Above: Feedback from users add functionality through time. The issues raised are based on real-world use of existing systems. Once the web page is up, users recognize the need for a uniform look and feel. Once more people are online, users need more than just content, they expect interactivity (forms). As more content and functionality comes online, users need content manaement. Administrative content leads to academic content management, and so on. Each enhancement is only an incrmental advancement in functionality and technology. The majority of staff, skills and infrastructure needed for the enhancement are already in place supporting the exisitng service/system.
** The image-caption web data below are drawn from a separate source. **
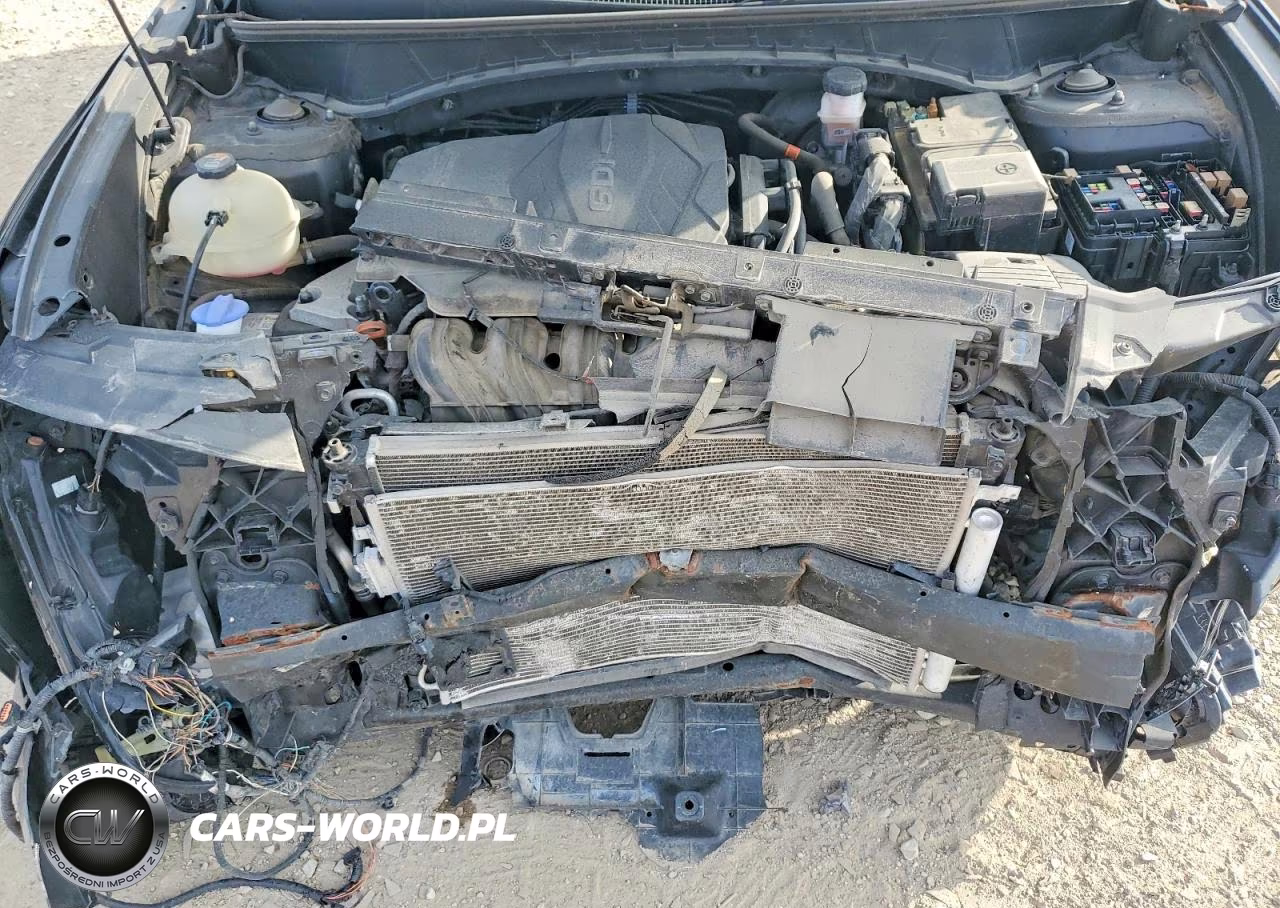 2023 Hyundai Tucson Limited VIN:5NMJECAE8PH202208 - 12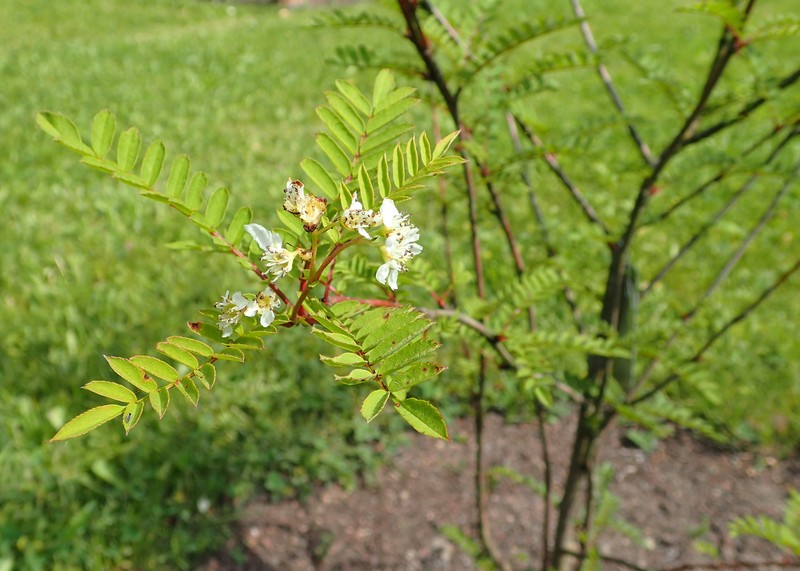 Sorbus gonggashanica photo 3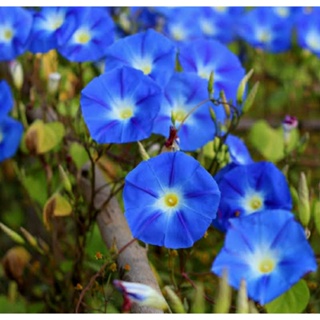 เมล็ดพันธุ์มอร์นิ่งกลอรี่ เฮฟเวนลี่ บลู(Heavenly Blue Morning Glory Seed)บรรจุ 20 เมล็ด ของแท้ คุณภาพดี นำเข้าจากต่าง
Above: Suggestions or initiatives may not be rooted in existing services. Therefore their development may require staff, skills, or infrastructure not currently available within the IT department. This is a huge risk as there is no one who can accuratly assess the departments ability at successfully inplement the initiative. Interestingly, becuase the staff will need to learn and implment many of the critical technologies required to implment the initative, timeframes and total costs will be same as in the evolutionary approach. Again, however, because development will focus on discovery rather than application, it can be presumed that costs, time and overall, risk, will increace beyond the comfortability of senior management, end-users and your own department.
Implementing a service center is more than providing help desk services, if done correctly it can be the focal point for identifying not IT needs, but campus needs—an emergent process where the themes captured from user feedback presents future development. If you believe you and your IT department should facilitate and not mandate (if you’re tired of out-of-the-blue top-down initiatives), then providing your stakeholders with real-world user feedback for evidence-based decision-making will create the appreciative and collaborative community you are looking for. You can take control of project development based on needs and not wants. So please consider my suggestion and drop the suggestion box.